Edmunds v. Lupton

Decision Date03 April 1969
Docket NumberNo. 175,175
PartiesElizabeth H. EDMUNDS, Conservatrix of the Estate of Vivian G. Edmunds v. Thomas F. LUPTON and Laura Lee Lupton.
CourtMaryland Court of Appeals

Jules G. Ko rner, III, Washington, D. C. Ko rner, Doyle, Worth & Crampton, Washington, D. C., on the brief), for appellant.

William C. Staley, Rockville, for appellees.

Before HAMMOND, C. J., and MARBURY, BARNES, SINGLEY and SMITH, JJ.

BARNES, Judge.

This appeal involves the construction of Maryland Rule 314 a 1, with particular reference to whether or not the 'bill of complaint' or petition filed by the appellees, Thomas F. Lupton and Laura Lee Lupton, his wife (the Luptons), in the Circuit Court for Montgomery County, against the appellant Elizabeth H. Edmunds, conservatrix of the Estate of Vivian G. Edmunds, asserted a 'claim' against the conservatrix, and whether or not the appellant and appellees were 'opposing parties' within the meaning of Rule 314 a 1.

The appellant was appointed as conservatrix of the estate of Vivian G. Edmunds by the Circuit Court for Montgomery County in a case entitled 'In re Vivian G. Edmunds', Equity No. 27833, on January 23, 1964. She duly qualified as conservatrix.
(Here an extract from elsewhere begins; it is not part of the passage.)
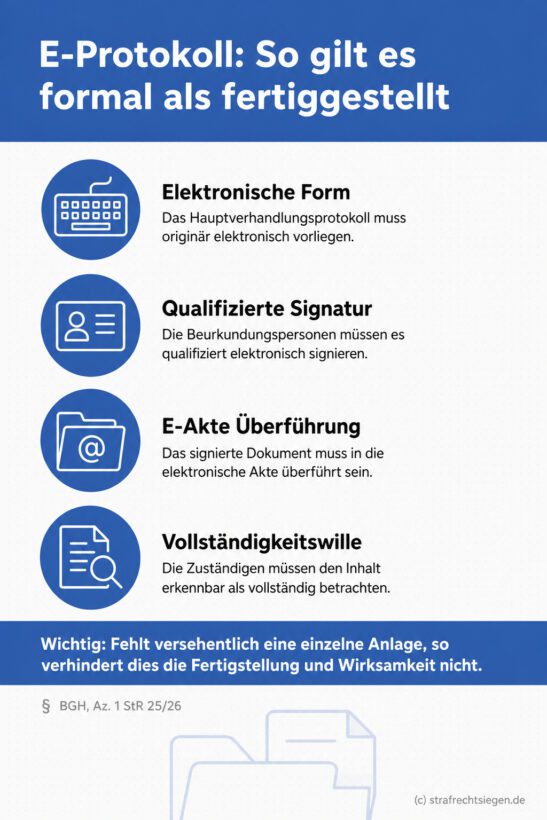 Infografik (Checkliste): 4 gleichwertige Voraussetzungen für formale Fertigstellung eines elektronischen Hauptverhandlungsprotokolls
By an order of the Circuit Court dated April 30, 1965, she was also made responsible for the personal welfare of Vivian G. Edmunds.

On December 13, 1967, the Luptons filed a 'bill of complaint' for an order to show cause (the words 'bill of complaint' in the heading are stricken out and the word 'Petition' is inserted in pencil) in the pending equity case, No. 27833, in which the Luptons describe themselves as 'petitioners.' The petition alleges that Thomas F. Lupton 'is the nephew of Vivian G. Edmunds, whose estate is being administered in this proceeding' and Laura Lee Lupton is his wife; that the only other heir at law and next of kin of Vivian Edmunds is Beth Meade Edmunds McCoy, the daughter of the conservatrix; that the petitioners throughout the years had enjoyed a warm relationship with Vivian, who had stayed at their home in Plantation, Florida, for a portion of the year 1966, and Vivian had corresponded with them at fairly regular intervals but such correspondence had ceased recently; that Vivian is residing presently at the Fairland Nursing Home in Silver Spring; that recently the petitioner Laura Lee Lupton had come to Silver Spring to visit her daughter and Vivian; that the nursing home had refused her entry for the purpose of visiting Vivian and refused to allow her to communicate with Vivian by telephone, and the Luptons believe that the nursing home is discouraging Vivian from writing to them; that the petitioners 'also believe and aver that the actions taken by the Fairland Nursing Home are a direct result of the orders and instructions of Elizabeth H. Edmunds, conservatrix'; and that the petitioners are concerned for the welfare of Vivian, desire to visit her and 'believe and aver that the denial of visitation with Vivian G. Edmunds is unjustifiable and without merit.'

The three prayers for relief in the petition were that:

1. The court permit the petitioners to visit Vivian at the nursing home for a reasonable time during regular visiting hours.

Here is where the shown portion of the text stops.